#### Problem to solve:
Reproduce exactly only the lines from the line that holds "Image of Smart" to the line that holds "1970s Vintage Persian", inclusive, in the listing below, and please leave out every picture.

#### Supplied information:

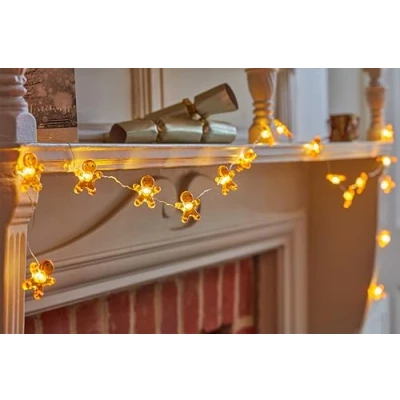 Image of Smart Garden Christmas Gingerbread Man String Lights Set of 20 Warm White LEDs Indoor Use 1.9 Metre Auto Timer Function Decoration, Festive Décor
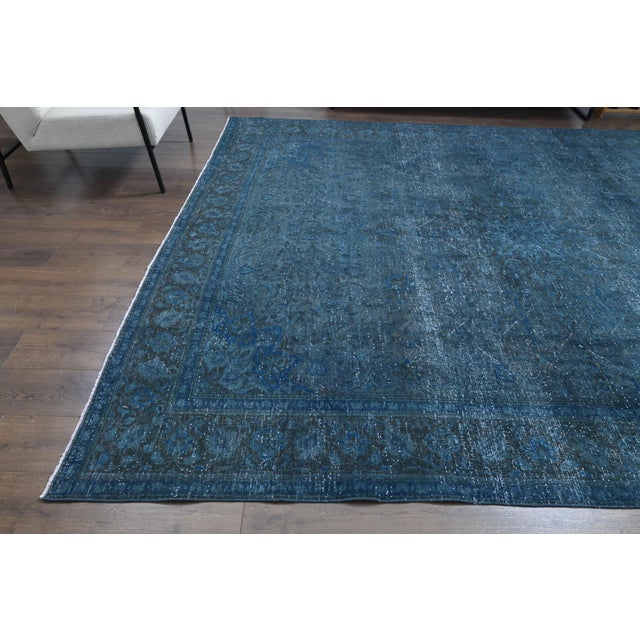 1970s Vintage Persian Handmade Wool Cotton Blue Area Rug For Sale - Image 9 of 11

==

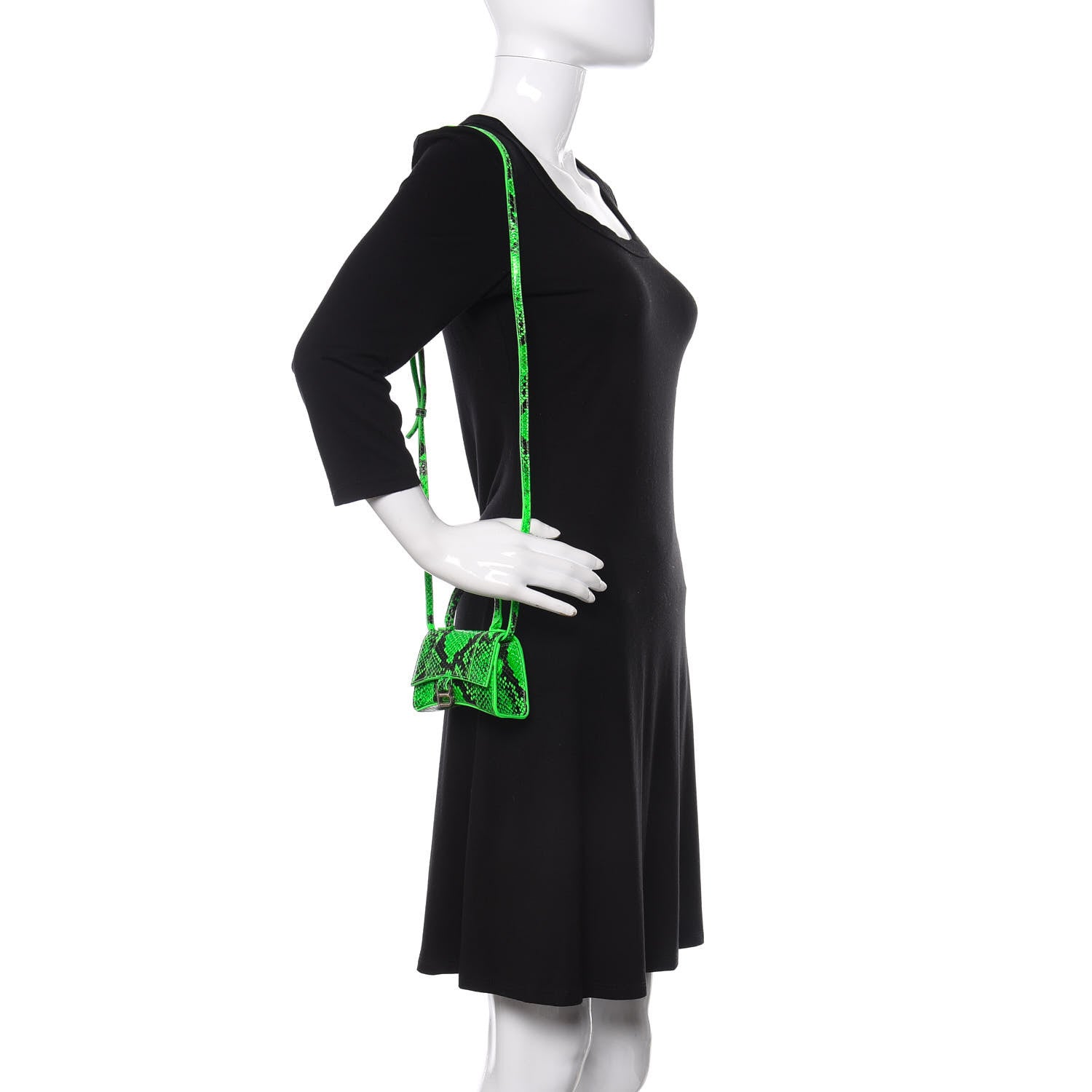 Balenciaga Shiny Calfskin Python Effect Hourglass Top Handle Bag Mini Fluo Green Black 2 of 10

...

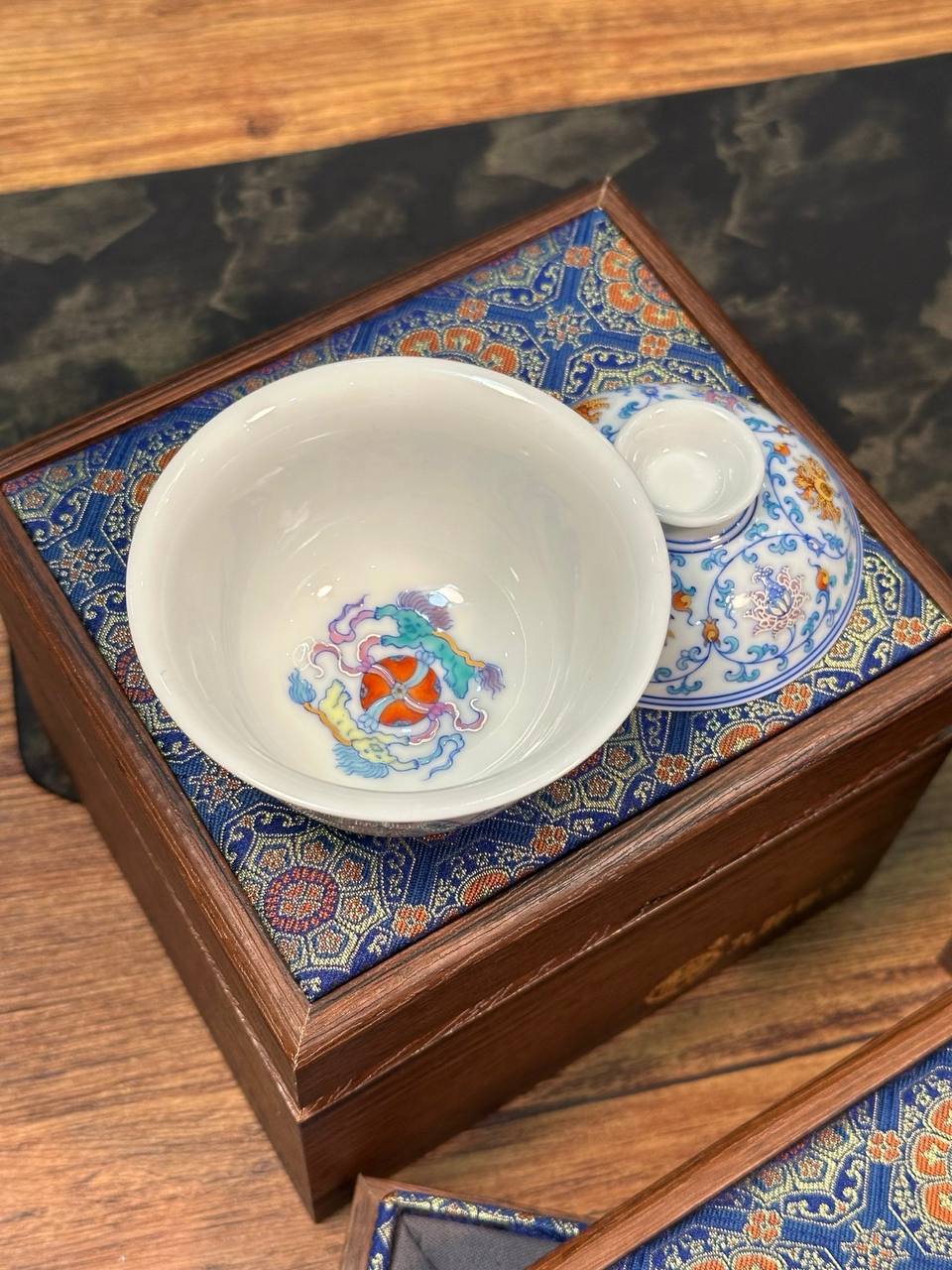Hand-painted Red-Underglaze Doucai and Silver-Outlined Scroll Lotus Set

#### Solution to the problem:
 Image of Smart Garden Christmas Gingerbread Man String Lights Set of 20 Warm White LEDs Indoor Use 1.9 Metre Auto Timer Function Decoration, Festive Décor
 1970s Vintage Persian Handmade Wool Cotton Blue Area Rug For Sale - Image 9 of 11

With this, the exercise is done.